Fittingly, when at its best, Father of the Bride breathes like no other Vampire Weekend before it. Koenig’s voice, an acquired taste no doubt but the dominant one delivered by his band, is surrounded most often by the air around it—a distinct sense of space that gives what otherwise could be a fidgety and quizzical album a feeling of relaxation. This production works best when paired with songs in which Koenig examines turmoil between two people with a measured calm, finding a place of comfort. Opener “Hold You Now” begins the album with Koenig and Danielle Haim playing two doomed lovers in what should be as anxious a situation as one could conjure: Haim is a bride on her wedding day and her husband isn’t Koenig’s character, even though the two are conversing in a bedroom somewhere. “I can’t carry you forever,” Koenig sings, “but I can hold you now,” a finger-plucked guitar enveloping them in a shimmer. “Spring Snow,” which appears 16 tracks later, finds the narrator in a similar situation, with a late-season snowstorm keeping two lovers together just as they were set to disconnect. “The end’s been delayed, you’re here in my arms,” Koenig sings, “So what should I say?” The answer, it turns out, is nothing, a meandering wordless chorus offering the listener a fleeting sort of serenity.

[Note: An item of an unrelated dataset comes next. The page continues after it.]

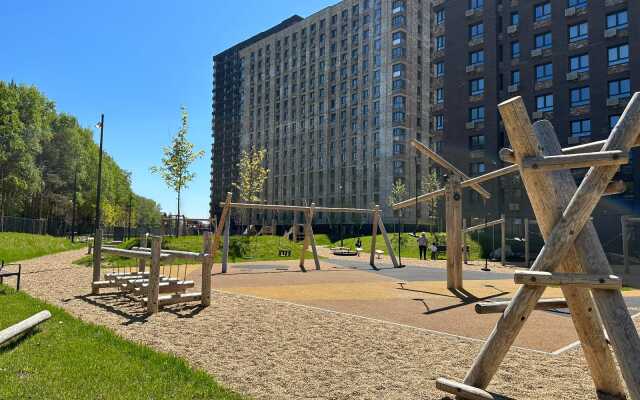 Апартаменты на Мосрентген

Rechtshaid is a chameleonic superproducer without a sonic fingerprint, and you get the sense from Father of the Bride that his role was not to guide Koenig in any direction as much as provide him ample room to explore what a Vampire Weekend song in a post-Rostam world might even be. On the one hand, everything sounds spectacular; on the other, the album does contain some of the worst ideas the band has ever put to tape, well-intentioned though they may have been. “How Long?” is a song about Los Angeles falling into the ocean that also sports a few sonic tributes to the city’s rap music, including a piano line that echoes DJ Mustard and a spring-loaded drum sound reminiscent of DJ Quik. Koenig is clever, but he ain’t that clever. Elsewhere, the other two duets with Danielle Haim don’t fulfill the promise of the opener—“Married in a Gold Rush” is overstuffed and weighed down by allegory, while “We Belong Together” (a Batmanglij production) is a nice little ditty with dodgy lyrics that unfortunately just makes you want to listen to one of the best songs of all-time. Closer “Jerusalem, New York, Berlin” retains the album’s sense of tranquility, but is fatally underwritten, with Koenig ending its short chorus by reciting the song’s title as if he’s looking at a list of bullet points.

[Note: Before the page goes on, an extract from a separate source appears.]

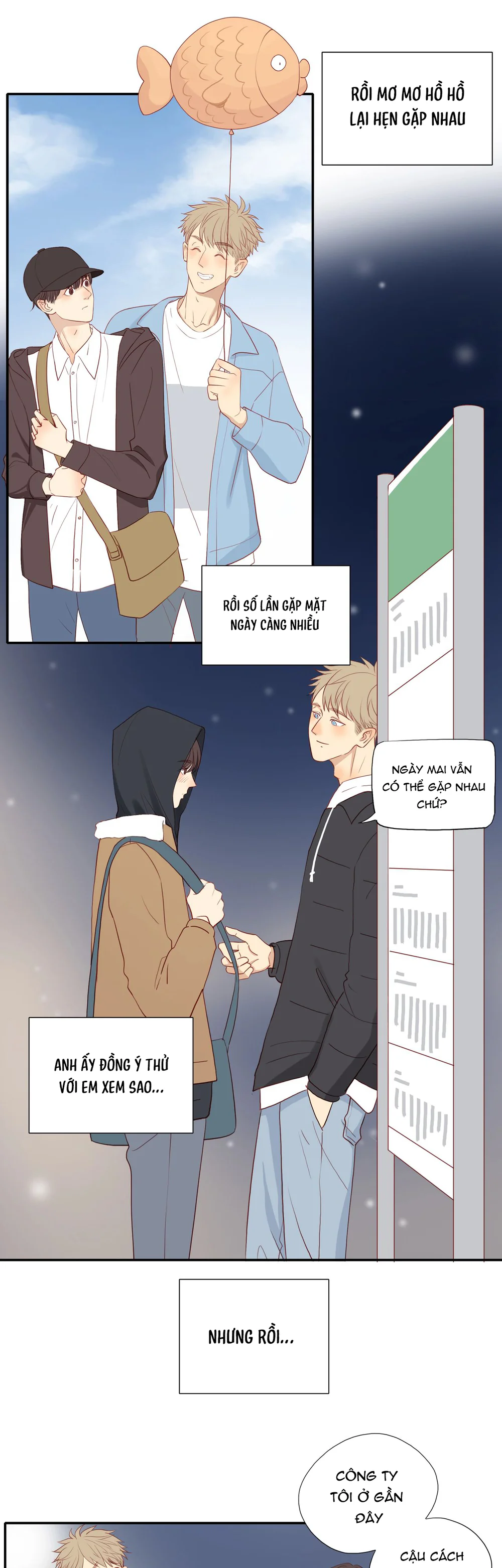 Tình Chàng 30 Chapter 89 Trang 10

When Batmanglij left Vampire Weekend, he said that he felt like it was time for his songwriting and production to stand on its own. Consequently, Koenig, along with a new constellation of collaborators, has proved that his does, too. Father of the Bride may be initially difficult to wrap one’s head around—either by accident or not, many of its best songs were released as singles—but over time it becomes a world that is nice to slip into, even dominated as it is by thoughts of environmental destruction, religion, and heartbreak. Koenig is a survivor, and with the rest of the country still mired in the muck that once used to drip from his band, he is looking forward. Perhaps the album’s most surprising song is “Stranger,” which is sung directly to his girlfriend Rashida Jones. “Things are gonna stay strange,” Koenig belts with a lilt in his voice, trumpets blurting behind him. “I remember life as a stranger, but things change.”